In the competitive world of corporate Bitcoin acquisition, Anthony Pompliano presents a stark verdict for any company dreaming of catching up to Michael Saylor’s MicroStrategy: don’t bother. According to the prominent investor and podcast host, Saylor has built a lead so vast it is “practically insurmountable” for any other publicly traded entity. This isn’t just about wealth; it’s about a first-mover advantage executed with such scale and conviction that it has permanently reshaped the landscape, creating both opportunities and new risks for the broader market.

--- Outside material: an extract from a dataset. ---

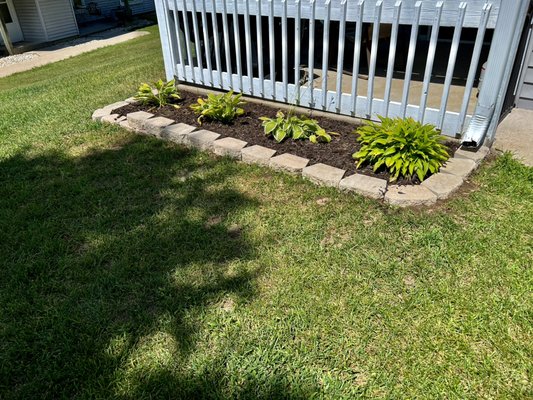 Let us help you upgrade your garden or flower bed with a nice retaining wall.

The Anatomy of an Unbeatable Position
Pompliano’s analysis hinges on the sheer, daunting arithmetic of the situation. MicroStrategy, which rebranded as “Strategy” in 2025, holds approximately 670,000 to 671,268 Bitcoin, representing a staggering 3.2% of the asset’s total finite supply. This position was not built overnight but was pioneered starting in August 2020, when Saylor made an initial $500 million investment with Bitcoin trading between $9,000 and $10,000. This masterstroke of timing means the company’s cost basis is a fraction of today’s price. Pompliano emphasizes that for a competitor to acquire a similar position now would require a financial commitment of “tens or even hundreds of billions of dollars”. The capital required, coupled with the massive market impact such a purchase would trigger, creates what he describes as an “almost unbreachable moat”.

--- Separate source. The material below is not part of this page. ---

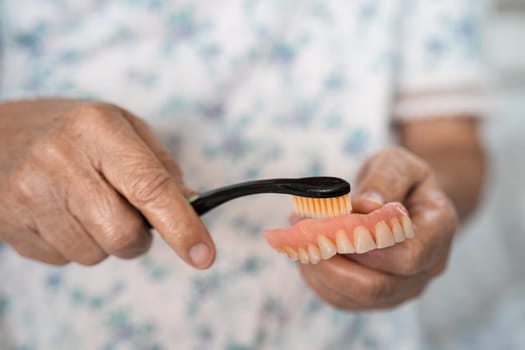 Asian elderly woman patient use toothbrush to clean partial denture of replacement teeth.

A New Market Reality: Concentration and Its Consequences
This unprecedented concentration of Bitcoin in a single corporate treasury has profound implications for all market participants. For traders and institutional desks, it fundamentally alters liquidity dynamics. A single entity holding over 3% of the total supply—and stating an intent not to sell until at least 2065—effectively removes a massive chunk of Bitcoin from regular circulation. This can reduce available supply on exchanges, making the market more susceptible to volatility from the trading of remaining coins and increasing microstructure risk. Furthermore, Strategy has become a de facto benchmark, its stock (MSTR) a popular proxy for Bitcoin exposure in traditional equity markets, with its movements often magnifying those of Bitcoin itself.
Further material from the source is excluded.